The License Program is a byzantine bureaucratic machine run by the enigmatic Mr. K, who turns out to be a long-hiding Elvis Presley, determined to make up for letting the American people down by creating the License Program to create a new generation of American folk heroes.

Bronson eventually punches his way to finding a former holder of The License, now in an insane asylum, and slowly realizes that punching jerks for talking in movie theatres and having 11 items in the 8-item lane isn’t getting much done in terms of making the world better. So he starts punching bank managers, then local politicians, and eventually sets out for Washington to beat the tar out of the President himself.

Complicating matters is the American Nightmare — it turns out there’s only actually one serial killer, and it’s this dude, dropped into areas to create psychic unrest and support for the ongoing, increasing militarization of the police and the reduction of citizen rights.

Bronson eventually gets shot on his way to slap the President around, and the first series ends (well, would have) with the License passing to an illegal immigrant in an LA street fighting ring…

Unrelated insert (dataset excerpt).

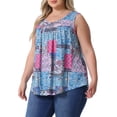 thumbnail image 4 of Camisetas sin mangas de talla grande para mujer Agnes Orinda, con cuello redondo plisado, dobladillo curvado, estilo bohemio, casual, para playa, fluida, talla 2X, color azul, 4 of 6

It didn’t take off — not sure if it was the writing, wrong place/wrong time, only being able to afford to pay Diego, Chris and Roy a pittance for a half-page of art every week, or whatnot.

But it was a hell of an idea and if I ever quit my job I might just go all Lee Childs and start writing the thing as dimestore novels.

Here’s all of the old art files I could find… scripts further down. Art by Diego Jourdan, then Chris Fason, then Roy Boney, Jr. (my Deadies/Dead Eyes Open / Dead Funny collaborator). 2/3 of the License artists are notable enough to have their own Wikipedia pages! That’s pretty nuts.

I thought Chapters 4 and 5 were lost to time, but old friend and total mensch JR Conlin had the files! Thanks, JR.

I’m still pretty proud of this as a two-fisted action story. Some of the stuff doesn’t hold up as well in 2021 — guys with Nazi symbols on their heads resonate different now than they did then. I’d probably dial back some of the gruesome-for-gruesome’s-sake material today. But hey, I was in my 20s, and this was a hell of a lot of fun to write and have wildly talented people draw.